Les actions de l'Ile de Paix

Dès le départ, l'Ile de Paix met l'accent sur le développement agricole et sur l'amélioration des conditions sociales et médicales. Pour augmenter et diversifier la production agricole, plus de 400 puits sont creusés et 550 hectares de terre, irrigués. Des coopératives octroient des crédits et organisent des formations animées par des moniteurs agricoles.


Mais très vite, les activités sociales s'affirment comme le fer de lance du projet. Les jardins d'enfants, les classes d'alphabétisation et les centres de formation professionnelle se multiplient. Un vaste réseau de soins préventifs et curatifs se développe. Des dispensaires itinérants s'articulent autour d'un hôpital de 30 lits.

 

 

L'action économique

 

La coopérative d'irrigation

 

Les ressources en eau sont très limitées. Les réserves en eau potable, fournies par les anciens puits, parviennent juste à satisfaire les besoins quotidiens (eau de consommation et usage domestique), mais elles ne suffisent pas pour l'agriculture. Cependant, certaines zones, en particulier à l'ouest de Kalakad et dans le bassin de la rivière Panchayar, contiennent d'importantes réserves d'eau, à une profondeur de seulement 5 à 12 mètres. Là, les efforts se concentrent sur un programme de creusement de puits.


La coopérative d'irrigation, fondée en 1971, accorde des prêts aux fermiers pour le creusement de puits et leur mécanisation. Les membres de la coopérative bénéficient aussi de conseils techniques et d'une action sociale intensive durant la période de remboursement. Il s'agit d'aider les familles à creuser, à électrifier et à mécaniser les puits. Par la suite, elles apprennent à faire le meilleur usage de ces nouveaux apports d'eau, en intensifiant leurs méthodes agricoles, et elles peuvent ainsi obtenir de bons rendements deux fois par an.

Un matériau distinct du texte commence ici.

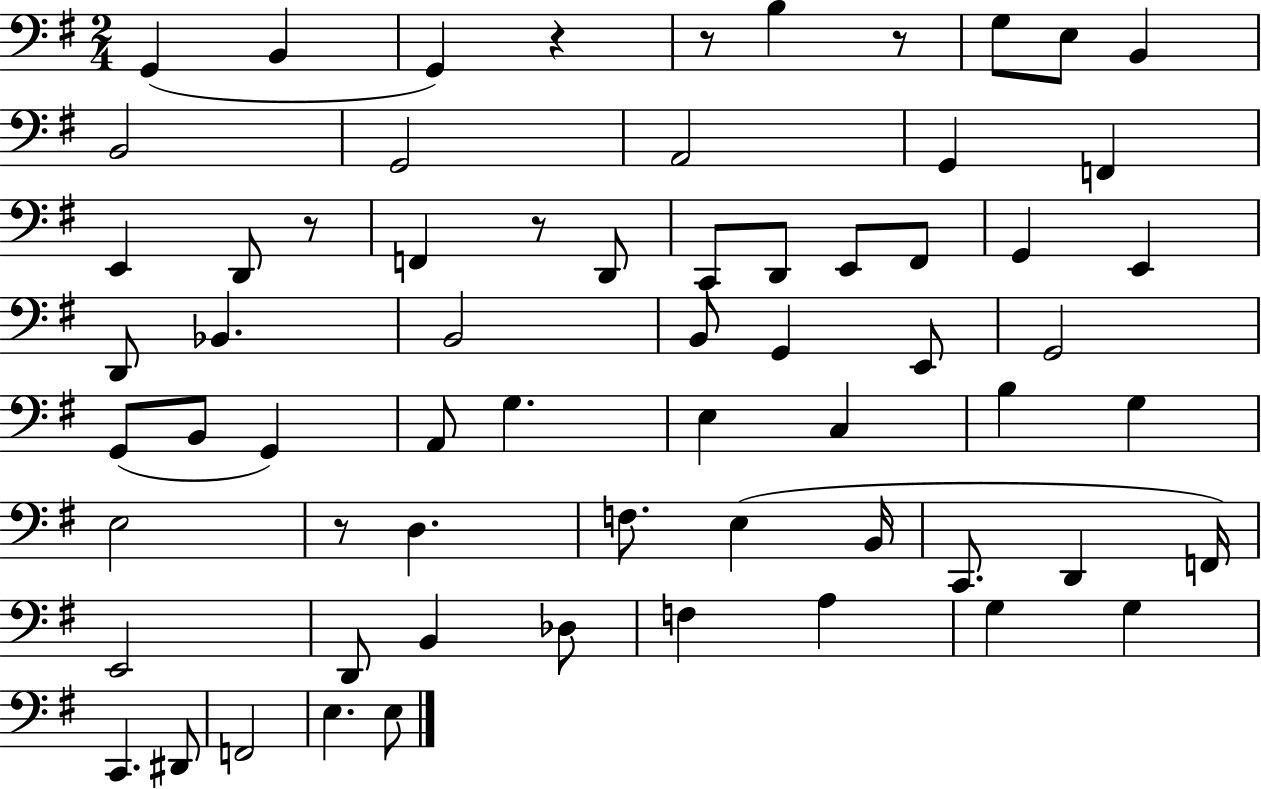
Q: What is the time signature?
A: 2/4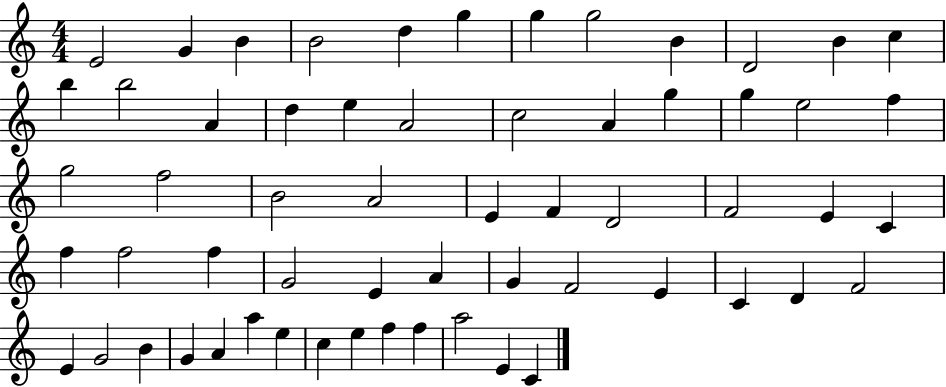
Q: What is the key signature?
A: C major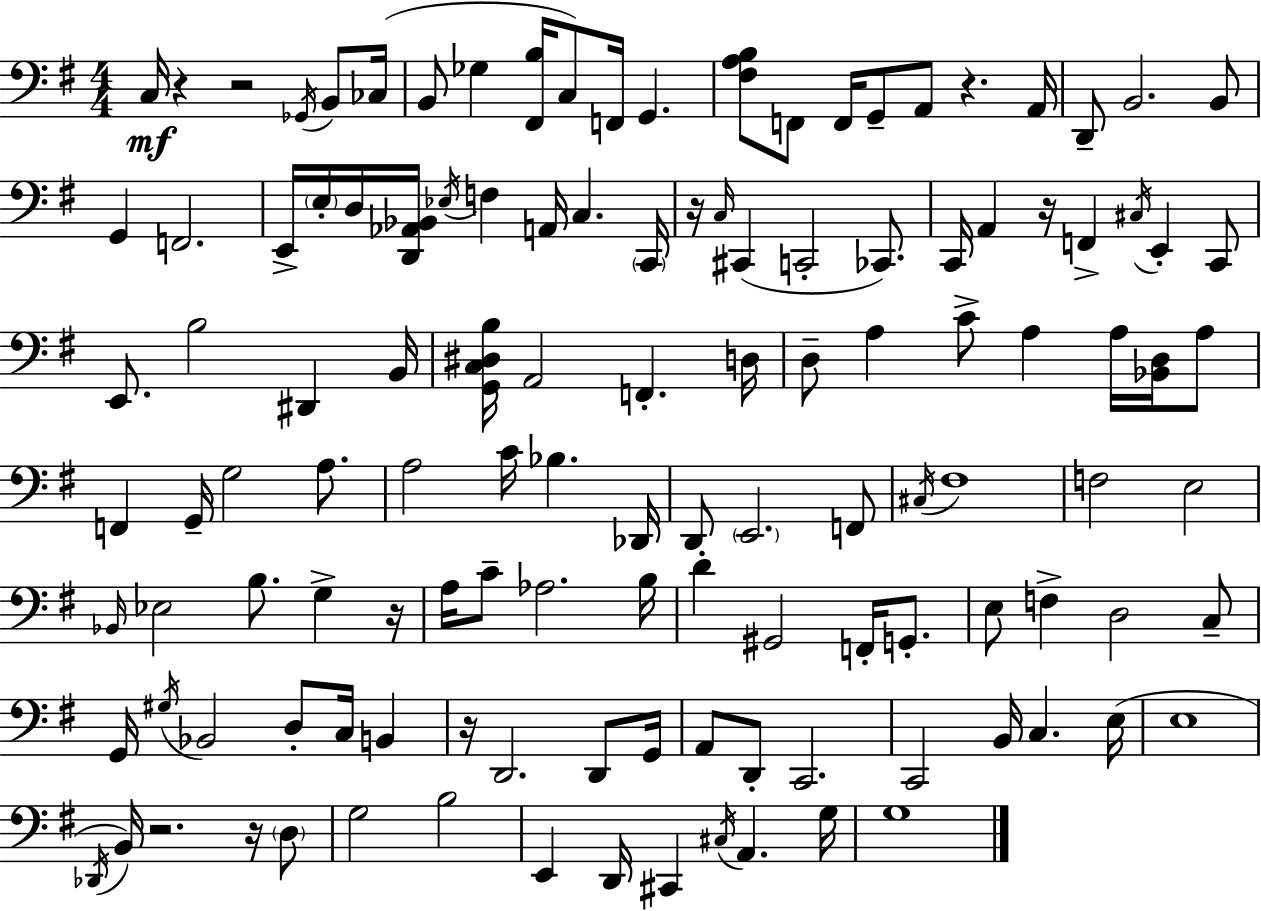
C3/s R/q R/h Gb2/s B2/e CES3/s B2/e Gb3/q [F#2,B3]/s C3/e F2/s G2/q. [F#3,A3,B3]/e F2/e F2/s G2/e A2/e R/q. A2/s D2/e B2/h. B2/e G2/q F2/h. E2/s E3/s D3/s [D2,Ab2,Bb2]/s Eb3/s F3/q A2/s C3/q. C2/s R/s C3/s C#2/q C2/h CES2/e. C2/s A2/q R/s F2/q C#3/s E2/q C2/e E2/e. B3/h D#2/q B2/s [G2,C3,D#3,B3]/s A2/h F2/q. D3/s D3/e A3/q C4/e A3/q A3/s [Bb2,D3]/s A3/e F2/q G2/s G3/h A3/e. A3/h C4/s Bb3/q. Db2/s D2/e E2/h. F2/e C#3/s F#3/w F3/h E3/h Bb2/s Eb3/h B3/e. G3/q R/s A3/s C4/e Ab3/h. B3/s D4/q G#2/h F2/s G2/e. E3/e F3/q D3/h C3/e G2/s G#3/s Bb2/h D3/e C3/s B2/q R/s D2/h. D2/e G2/s A2/e D2/e C2/h. C2/h B2/s C3/q. E3/s E3/w Db2/s B2/s R/h. R/s D3/e G3/h B3/h E2/q D2/s C#2/q C#3/s A2/q. G3/s G3/w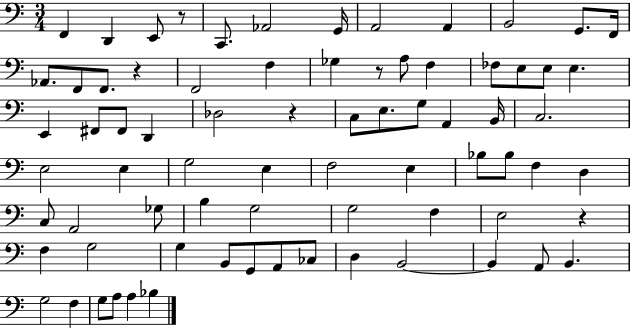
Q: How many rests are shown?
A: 5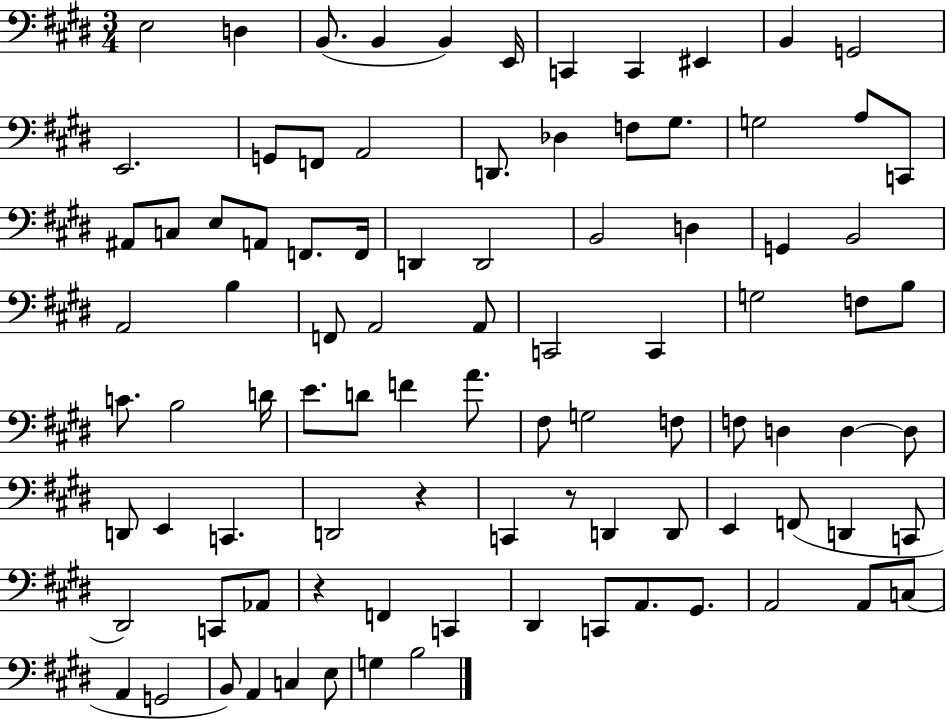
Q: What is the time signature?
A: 3/4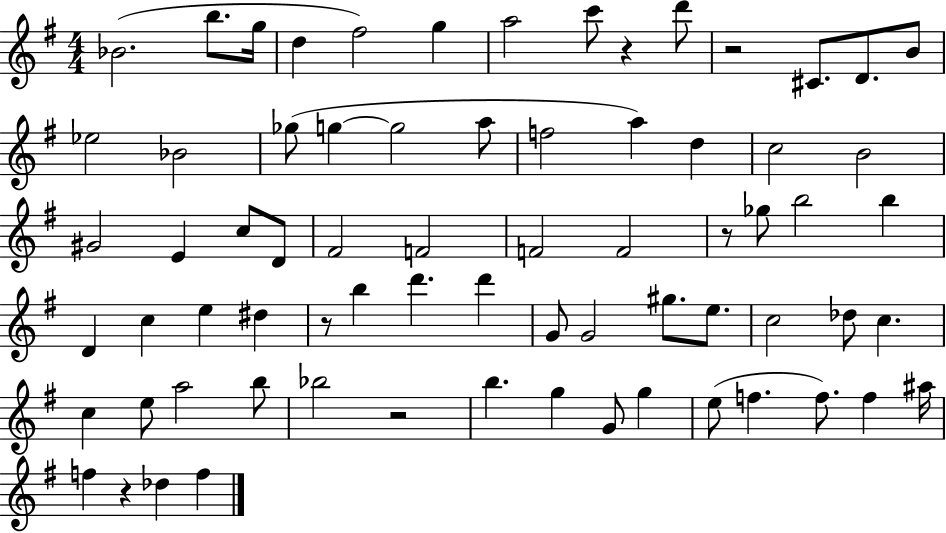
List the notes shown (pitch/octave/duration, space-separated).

Bb4/h. B5/e. G5/s D5/q F#5/h G5/q A5/h C6/e R/q D6/e R/h C#4/e. D4/e. B4/e Eb5/h Bb4/h Gb5/e G5/q G5/h A5/e F5/h A5/q D5/q C5/h B4/h G#4/h E4/q C5/e D4/e F#4/h F4/h F4/h F4/h R/e Gb5/e B5/h B5/q D4/q C5/q E5/q D#5/q R/e B5/q D6/q. D6/q G4/e G4/h G#5/e. E5/e. C5/h Db5/e C5/q. C5/q E5/e A5/h B5/e Bb5/h R/h B5/q. G5/q G4/e G5/q E5/e F5/q. F5/e. F5/q A#5/s F5/q R/q Db5/q F5/q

En 1972, une fondation permanente est prête à être lancée. Celle-ci injectera des fonds dans la coopérative d'irrigation et sera autofinancée grâce aux revenus engendrés par des plantations de palmiers, ainsi que par les intérêts des prêts concédés aux agriculteurs.

 

 

Les cultures expérimentales

 

Des essais ont été réalisés à partir de semences fournies par les stations de recherche indiennes. On s'intéresse évidemment au riz et au coton, cultures traditionnelles du pays, mais on se préoccupe surtout de légumineuses (fèves, pois chiches, petits pois, lentilles, haricots, etc.) à cycle végétatif court convenant aux terres sèches. Par la suite, on a pu démontrer l'avantage de la récolte de coton, même sur la terre rouge et pendant l'hiver, saison durant laquelle le coton n'était pas cultivé jusqu'alors. La production de riz a été nettement améliorée et de nouvelles variétés ont été introduites. Dans des conditions favorables d'irrigation, une récolte moyenne de 7 tonnes à l'hectare est obtenue, contre 3 tonnes en 1966 suivant les méthodes traditionnelles.

 

 

 

 

 

 

 

 

 

 

L'action sociale

 

Le centre Frieda Monnier

 

L'hôpital accueille les patients jour et nuit, sans distinction de classe ou de statut. Il est certainement un modèle du genre et, avec son équipe indienne, il constitue un exemple concret du dialogue fraternel. Il a été remis au Collège Médical de Tirunelveli en 1974.

 

 

 

 

 

 

 

 

 

 

La promotion féminine

 

Des travailleuses sociales ont été formées. Elles visitent les villages les uns après les autres. Visites à domicile, maison par maison, démonstrations culinaires, hygiène, alphabétisation, jardinage, etc. Un travail difficile dans cette société où la femme est considérée essentiellement sous son aspect utilitaire.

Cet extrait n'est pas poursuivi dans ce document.